The unfairness of the Gaokao test in China


           How would you feel if you had to wake up at 6:20 in the morning for school and leave at 10:50 at night because you were studying for this one test that decides your future? For Chinese students, this is their life. For them, everything is riding on one test, the Gaokao. This problem is also complicated by whether you live in a large city or in a rural area. Further, social class injustice can affect the ability for students to preform while preparing for this test. Preparing for the Gaokao test is very stressful for most Chinese students.

            The Gaokao test is similar to the SAT and ACT college entrance exams that are given here in the United States. However, the over emphasis on studying for the Gaokao has led to an increase in the suicide rate. Also, there are specific high schools, known as “cram schools,” which do nothing other than to prepare students for the Gaokao entrance examination. It is common for students to begin school at 6:20 in the morning and to end their day at 10:50 at night. In order to keep up with the high demand of test prep, some students are connected to IV drips in order to stay awake.

            As China is still evolving as a modern nation, there is much inequality between educational opportunities between cities and those in rural areas. Because schools in rural areas do not receive adequate funding from the government, they do not have adequate resources, such as computers, internet access and state of the art laboratories. These schools are poorly rated and do not offer proper programming to prepare students for the Gaokao.
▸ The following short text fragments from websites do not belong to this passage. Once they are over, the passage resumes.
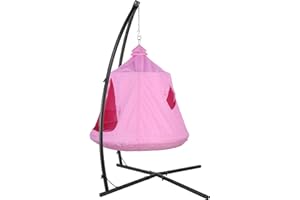AthLike X-Shaped Hanging Tree Tent w/Swing Chair,Hammock Chair Stand Canopy w/Steel Frame,Indoor Outdoor Egg Basket Patio Seat w/Adjustable Solid Stand,Bedroom Porch Balcony Garden 330lb(Pink)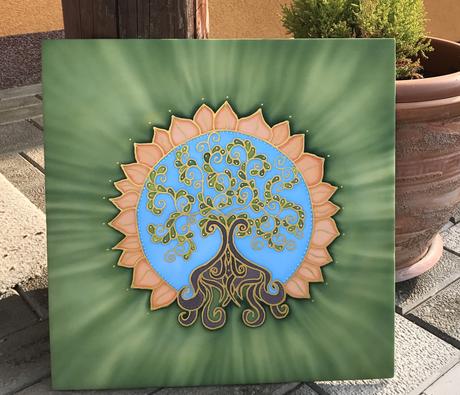 Ručne malovaná strom života na hodváb 41x41 cm, 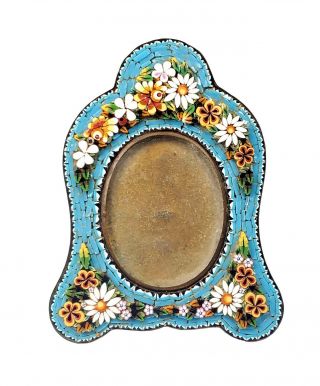 Antique Micro Mosaic Micromosaic Teal Floral Flowers Picture Frame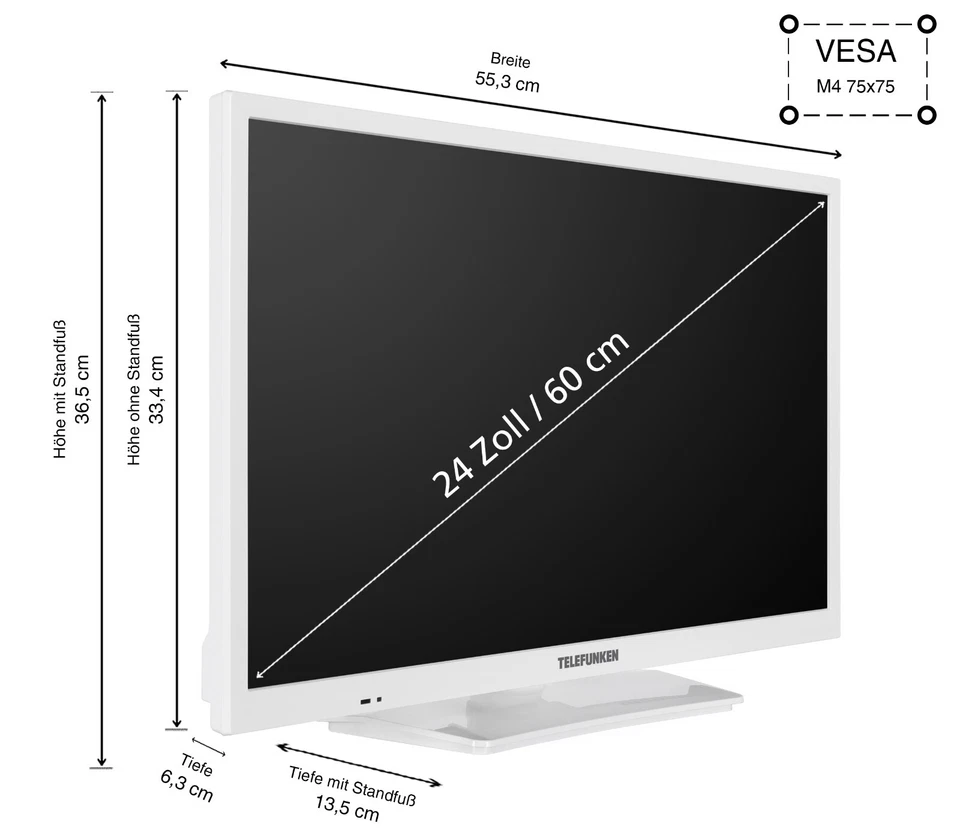 Telefunken XH24O550M-W 24 Zoll Fernseher HD LED TV Triple-Tuner HDMI USB weiß - Bild 2 von 4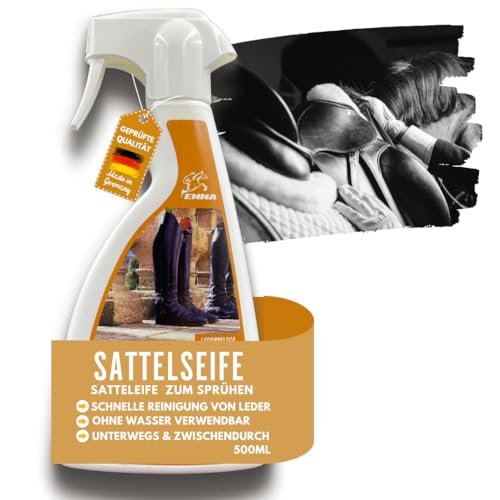 EMMA Lederseife Sattelseife 0 5 l | Lederreinigung & Pflege für Sattel Schuhe Stiefel Sofa & Auto | Saddle Soap & Lederfett farblos | Lederpflegemittel für Glattleder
Further, they are fewer well- trained teachers on their staffs of these schools. These situations put many rural students at a disadvantage compared to their more affluent city peers.

            Even though China has come a long way from its communist past, there are still basically two classes of Chinese society, the very rich and the working poor. Rich families can hire private tutors and pay for test prep courses to give their child a better advantage for preparing for the Gaokao. It is also not uncommon for rich families to bribe their child’s way into prestigious Chinese universities. If all else fails, wealthy parents still have the opportunity to send their students abroad to study at foreign universities. These are advantages that most students from poorer families do not have.

            For the Chinese student the problem is not so much how much is riding on a single test, but rather what has his or her life been like up to this point to prepare him or her for the Gaokao. The school he or she attended was either a well-equipped city school or a school in a rural area that had poorly trained teachers and inadequate resources. It also depends on which social class he or she was born, since rich families can better prepare their students or offer them an opportunity to study abroad. So yes, it is very unfair for a Chinese student to have his or her future decided on by one test- a test that will decide whether he or she has a comfortable life in Chinese society or whether, he or she will be a migrant worker with a dismal future.